2) Creation of following a new IR node[s] for masked operations, this will carry the vector operation

   Information as additional meta data, this meta data will be propagated from ideal node to machine

   Node during instruction selection.

***VectorMaskedOper mask src1 [src2] [src3]***

   New IR node can be shared for different kinds of vector operations i.e. unary/binary and ternary or

   we can have a dedicated masked operation IR node one for each kind.

3) Ideal transformation to fold following graph pattern

***VectorBlend dst (VectorOperation dst src1 src2 src3) mask -> VectorMaskOper dst mask src1 [src2] [src3]***

   There are currently two routes though with vector nodes are created, one though direct use of Vector API

   intrinsic, here vector node are created during parsing.
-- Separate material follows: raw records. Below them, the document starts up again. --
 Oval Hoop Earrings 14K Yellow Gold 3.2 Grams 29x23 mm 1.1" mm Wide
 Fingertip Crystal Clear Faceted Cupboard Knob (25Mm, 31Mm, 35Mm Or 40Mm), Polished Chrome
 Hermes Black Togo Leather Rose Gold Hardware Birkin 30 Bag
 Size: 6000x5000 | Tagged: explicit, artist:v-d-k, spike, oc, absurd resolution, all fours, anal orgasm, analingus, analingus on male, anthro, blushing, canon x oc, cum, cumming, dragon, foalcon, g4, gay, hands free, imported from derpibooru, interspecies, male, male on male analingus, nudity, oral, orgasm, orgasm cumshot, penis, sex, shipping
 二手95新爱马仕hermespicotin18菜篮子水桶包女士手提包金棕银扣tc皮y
Secondly, when loops are auto vectorized some of the

   scalar operation can be replaced by vector operation.

   By performing above transformation during VectorBlend idealization will allow creation of masked operation

   nodes in both the scenarios.

4) Creation of new MachMetaData node, currently during machine node generation type information is propagated

   from ideal node to MachTypeNode, new MachMetaData node will inherit MachTypeNode and will carry

   any addition information passed from Ideal node to machine node. New VectorMaskedOper nodes will

   propagate vector operation information as meta data to MachMetaData node.
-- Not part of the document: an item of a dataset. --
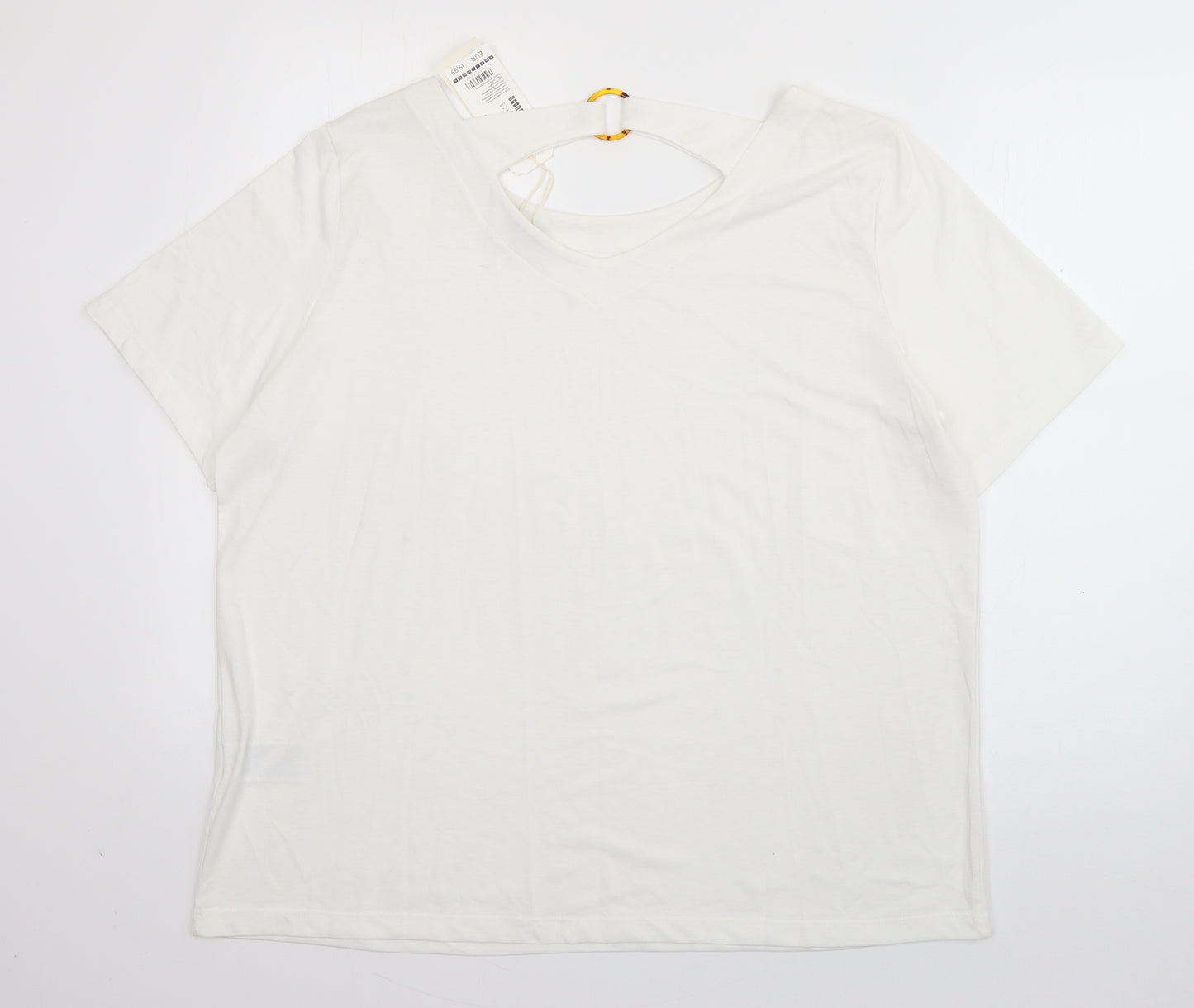 TOM TAILOR Womens White  Polyester Basic T-Shirt Size 3XL Scoop Neck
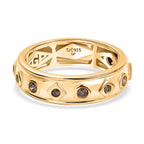 GP Art Deco Collection - Natural Champagne Diamond & Blue Sapphire Band Ring in 18K Vermeil Yellow Gold Plated Sterling Silver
5) Instructions selection patterns for unary, binary and ternary masked operations.

   and ADLC changes to inherit MachNodes corresponding to new instruction patterns from MachMetaData class.
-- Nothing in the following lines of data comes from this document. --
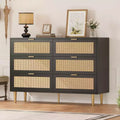 TROPOW Natural Rattan 6 Drawer Dresser for Bedroom, Modern Chest of Drawers with Gold Legs and Gold Handles, Wide Double Dresser with Large Tabletop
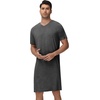 image:imageWiWi Mens Nightshirt ShortSleeve Pajamas Nightgown Viscose from Bamboo Soft Loose VNeck Nightwear Sleepshirt Gowns SXXLCharcoal Heather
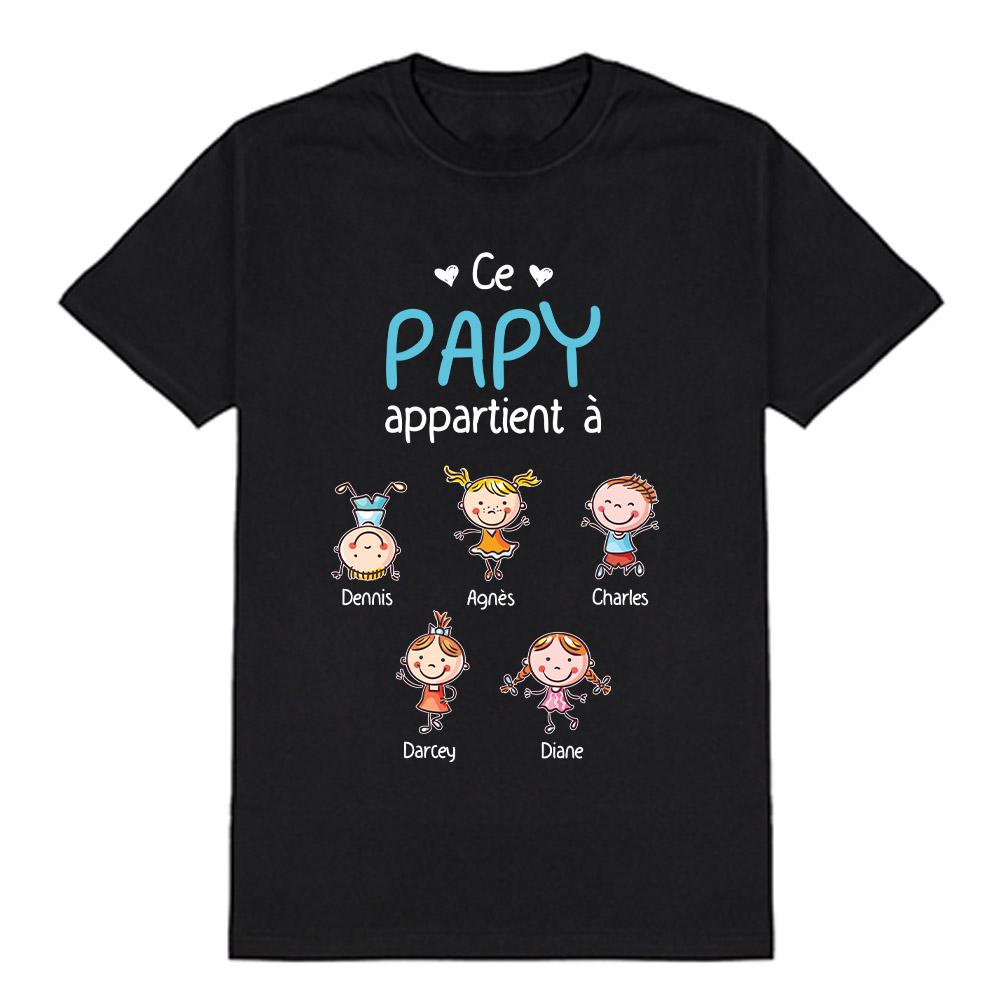 Personalized Papy Mamie French Grandma Grandpa Belongs T Shirt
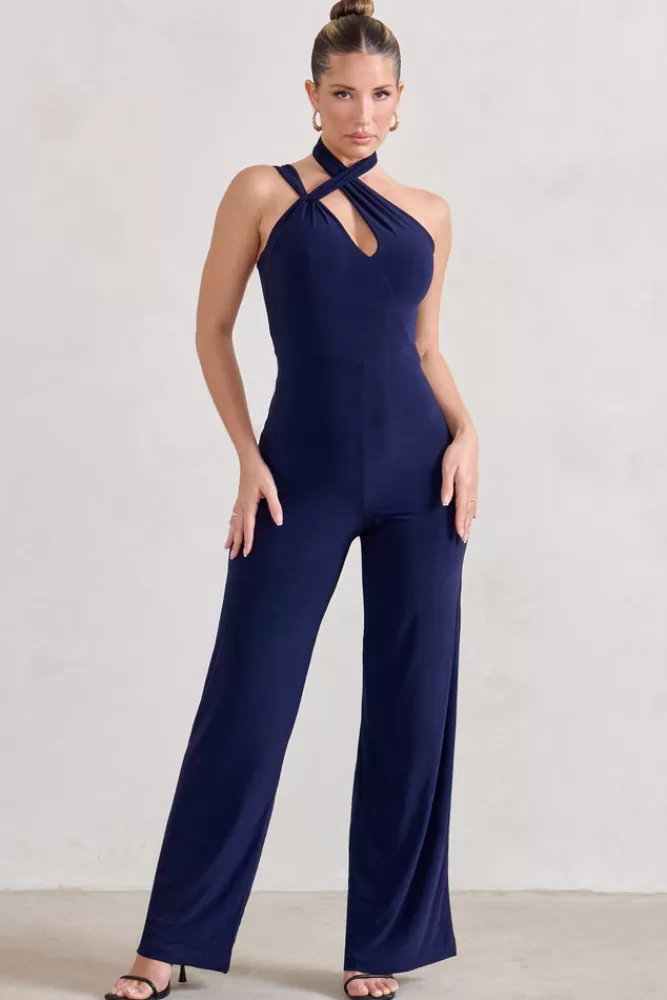 Club L London Tilly | Cut Out Halterneck Asymmetrical Jumpsuit NAVY Cheap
Apart from above changes, C2 register allocator needs to be extended to support predicated registers. This shall

involve following changes:-

1. ADLC changes: New register definitions, register classes, allocation classes, operand definitions and

spill code handling for opmask registers.

2)   Runtime: Save/restoration for opmask registers for 32 and 64 bit JVM.  
      a) For 64 bit JVM we are already reserving the space in the frame layout which comply with XSAVE layout,

          but are not saving and restoring at designated offset (1088). Hence no extra space overhead apart from

          save/restore cost.  
      b) For 32 bit JVM: Additional 64 byte are allocated apart from FXSTORE area on the lines of storage for ZMM(16-31)

          and YMM-Hi bank.

1. Replace all the hard-coded opmask references from macro-assembly routines, pull out

the opmask occurrences all the way up to instruction pattern and adding an unbounded opmask

operand for them. This exposes these operands to RA and scheduler and will automatically facilitate

any spilling of live opmask registers across call sites for any non-temporary opmask operand.

1. Register class initializations related to Op\_RegVMask during matcher startup. Enable opmask register spilling

To stack location and other opmask registers.